Generally, a proposal for triggered observations would provide a list of potential targets, with an explanation of how these sources form a coherent set for achieving the goals of the proposal. However, a triggered-observation proposal for which such an explicit target list can not be provided at the time of proposing (generic trigger proposal) will be accepted for evaluation, provided that it presents a clear and well-argued case for this situation, and why an approach via target-of-opportunity observation(s) would also not be suitable.

Accurate source coordinates need only be included in the trigger request, not in the original proposal. Continuum observations, or spectral line observations requiring a single correlator pass (when technically possible) can be proposed for within this class. Triggered proposals must include a precise and justified triggering criterion and a minimum number and configuration of telescopes required. The latter information is needed in case a triggered observation forces a change of observing frequency for an eVLBI slot. In such a case all participating EVN stations will endeavor to change observing frequency on a 'best effort basis'; however the participation of every advertised antenna in such triggered observations is not 100 % assured.

PIs of successful proposals containing a triggered e-VLBI observation will be informed after proposal review that their trigger request has been accepted. Such trigger requests should be sent by e-mail to the EVN PC Chair (Kazi Rygl, kazi.rygl@inaf.it) with copies to the EVN Scheduler (Alastair Gunn, alastair.gunn@manchester.ac.uk) and JIVE (Bob Campbell, campbell@jive.eu and Zsolt Paragi, zparagi@jive.eu). These trigger requests must be received no later than 0800 UT the day before the e-VLBI run starts. The e-mail should provide evidence that the trigger criterion in the original proposal has been met, and give the exact GST range and source position requested. All requested technical parameters must match those in the original proposal. The PC Chair will evaluate the trigger request (and decide on priorities if more than one conflicting trigger request is received) and will inform the PI by 1200 UT whether their experiment is to be observed. The experiment will then be scheduled by JIVE staff in accordance with the instructions given in the original proposal.

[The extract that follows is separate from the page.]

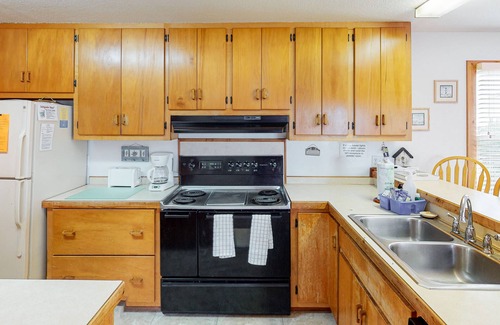Brigands' Bay Casa | Waterfront, Dog-Friendly House w/Shared Pool, Free WiFi, Private W/D, Central AC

Note that both trigger and generic trigger proposals:

  • Should have very well defined trigger criteria, specified for each source separately, if necessary;
  • Should indicate the desired period for which the proposal should be active, based on an assessment of the probability of triggering events. The PC will set a maximum duration of 1 year;
  • Should indicate the maximum number of trigger events to be observed;
  • Should demonstrate the capability of the proposers to locate and respond to triggering events within the period for which the proposal should be active.

New: Trigger activation in EVN Sessions is now also possible with the following restrictions:

  • Performed on best effort basis; only if there is an available observing slot in the right frequency range and if media resources are sufficient.
  • Performed in disk-recording only.
  • Trigger activation should be done at least one week before the start of the desired frequency block in the schedule by writing a mail to the PC Chair.

Note that not all gaps in the observing schedule may be available for observations!

Automated e-VLBI trigger observations

An observation to be scheduled automatically during an e-VLBI run only if a specific set of triggering criteria is met.

The expected response time to execute a new program may be as low as 10 minutes. The station experiment setup, including frequency, will be the same as the interrupted program. Only continuum observations can be proposed for within this proposal class.

Proposals for this class are accepted for evaluation, provided that they present a clear and well-argued case as to why the requested observations cannot be made as a general e-VLBI observation, or as a ToO.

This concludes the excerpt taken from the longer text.